While our problems are severe, we are convinced they are fixable.
Connecticut has run budget deficits in 12 of the last 15 years, its unfunded liabilities are among the highest per capita in the country, and the state's economy contracted in the past decade as the national economy expanded by more than 10%.
Spending, Tax Reforms
The latest report recommends spending cuts of $1 billion annually through operating efficiencies, balancing the budget without using surplus funds, and reducing the growth rate of fixed costs through asset transfers and pension reforms.
In addition, the commission proposes wide-ranging, revenue-neutral tax reforms designed to modernize the state's tax system, making it competitive with neighboring states and driving greater business investment.
Those reforms include cutting personal income taxes, overhauling and reducing the corporate income tax, limiting property taxes, increasing the earned income tax credit, and repealing the gift, estate, and business entity taxes.
The report says those reforms would reduce Connecticut's personal and business tax burden by $700 million in fiscal 2020, with that revenue loss offset by expanding the sales tax base, including removing exemptions for a number of services and adding a 2% restaurant meals tax.
"What will it take to get businesses and people to invest and stay in Connecticut?" Smith and Patricelli wrote.
"Only if our economy grows will there be the state tax revenues to invest in more infrastructure and services.
What will it take to get businesses and people to invest and stay in Connecticut?
"When you are in a hole, stop digging."
Governor-elect Ned Lamont says he does not favor tapping Connecticut's growing reserve fund or raising taxes to address the state's forecast $4 billion, two-year budget deficit.
Transportation, Workforce Development
The fiscal commission's report recommends financing and prioritizing the state's transportation infrastructure needs, with a greater focus on projects with direct economic development and growth benefits—mainly highway and rail projects in heavily congested corridors.
The commission scaled back its initial call for statewide highway tolls and now supports implementing tolls for specific projects only.
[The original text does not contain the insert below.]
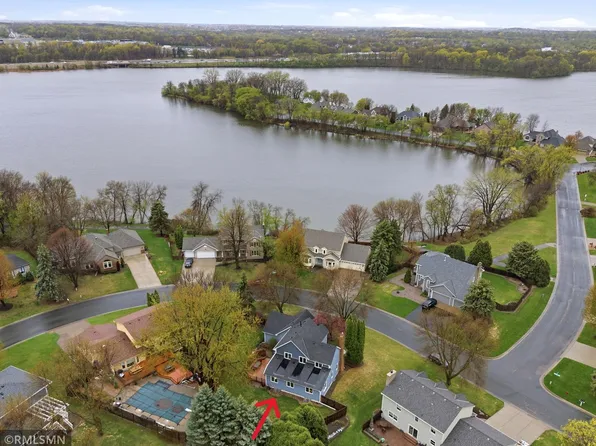 8758 Dallas Ln N, Maple Grove, MN 55369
That recommendation is linked to a call for greater public-private collaboration.
Workforce development was among the commission's key priorities, with a proposal for four-year STEM scholarships at public and private state colleges and universities and added funding for high priority vocational training programs.
The commission also supports municipal revenue and spending reforms, proposing an overhaul of state municipal aid programs, diversifying local revenue services beyond property taxes, better management of local government employee compensation and benefits, and greater regionalization of services.
CBIA president and CEO Joe Brennan urged the incoming Lamont administration and state legislature to use the commission's report as a blueprint for crafting a two-year budget plan that will provide the foundation for long-term economic growth.
"The gap between Connecticut and successful states is growing greater because we don't have the resources we need to invest in education, transportation, and workforce development," Brennan said.
"That's why we've got to get these fiscal problems behind us as soon as possible.
"The commission's recommendations, including revenue, spending, and public-sector benefit reforms, are all areas that need to be comprehensively addressed in the 2019 General Assembly session."
The legislature's 2017 pivot away from tax hikes and workplace mandates clearly had a positive impact.
"We saw a bipartisan budget last year that did not raise taxes and included some meaningful structural reforms," he said. "The legislature's pivot away from tax hikes and workplace mandates clearly had a positive impact.
"The key now is to maintain that focus on fixing our fiscal problems, improving the state's business climate, and expanding workforce development efforts."